Laura has taught collegiate mathematics and holds a master's degree in pure mathematics.

Algebraic models are used frequently in mathematics. This lesson will offer a definition of algebraic models and use multiple examples to familiarize you with the concept. We'll learn what algebraic models are, how to create them, and how to use them.

## What Are Algebraic Models?

Have you ever gone to the bank to deposit some money into an interest bearing account, and the banker was able to tell you how much interest you will have after a certain number of years? If so, you may have wondered how they were able to calculate this amount. One way of finding this is by using what's called an algebraic model. An algebraic model takes a real-world situation described in words and describes that situation using algebra.

Consider our bank example. There are algebraic models to describe different types of investments.
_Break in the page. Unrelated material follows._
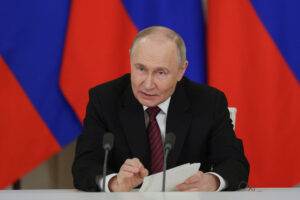 Vladimir Putin susține că Ucraina vrea o încetare a focului pentru reînarmare și mobilizare. „De ce să-i recompensăm oferindu-le o pauză?”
For example, when a bank is offering r% simple interest on an investment of P dollars, then the amount of interest earned, I, at the end of t years can be found by multiplying the amount of money you're investing times the interest rate in decimal form times the number of years the money will be in the account. We can describe this using algebra as I = Prt, where P is your original investment, r is your interest rate in decimal form, and t is the number of years the money is in the account. The expression I = Prt is an algebraic model.
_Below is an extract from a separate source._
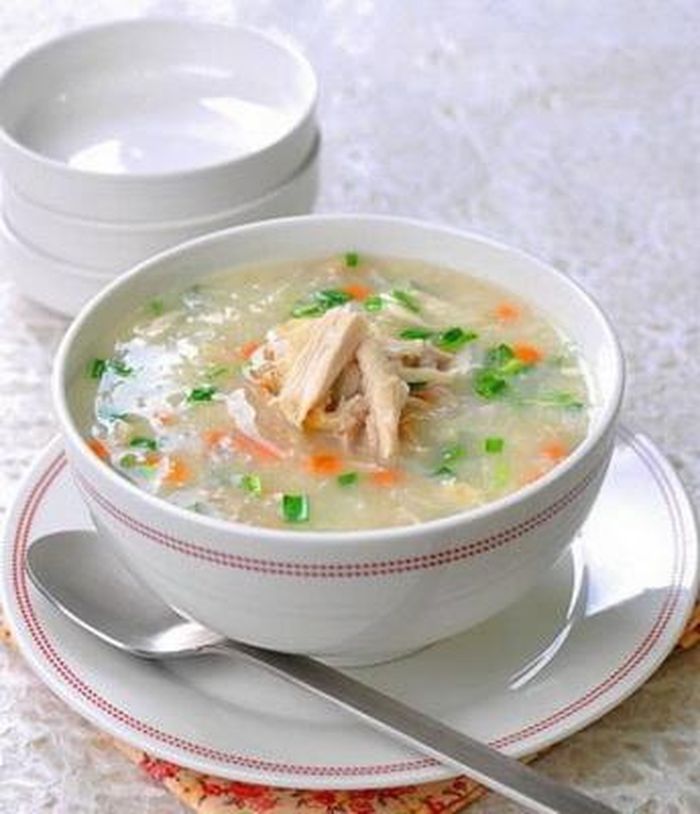 Nên cho trẻ ăn cháo, súp, thức ăn lỏng.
Thus, we see that if you were to go to the bank in the initial scenario we described with \$1,000 to invest, and the bank is offering 5% simple interest, then the banker can tell you how much interest you will have after a certain number of years using the algebraic model:

I = Prt

Suppose you ask how much money you will have after two years. Then I is our unknown quantity that we are trying to find, P = 1,000, r = 0.05 (5% in decimal form), and t = 2. We plug this into our algebraic model to get:

I = 1,000 * 0.05 * 2 = 100

So we see that after two years, we would have \$100 in interest.

## Using Models to Solve Problems

The banking scenario makes use of a well-known interest formula to create our algebraic model representing the situation. It is useful when there is a formula we can use, but this is not always the case. We can create an algebraic model just from the information given - without a formula.

For example, assume Bob goes to the store to buy some oranges, and the oranges cost \$0.50 each. Bob has \$7.00 to spend, so he wants to know how many oranges he can buy. In this case there is not a well-known formula for my situation. However, Bob can still create an algebraic model of the situation. He wants to know how many oranges he can buy, so let's call that number x, and let's call his total cost C. Bob knows that his total cost will be the number of oranges he buy times the cost for each orange, so his total cost C will be 0.50x. Putting this in equation form, we have:

C = 0.50x

This is our algebraic model representing the situation.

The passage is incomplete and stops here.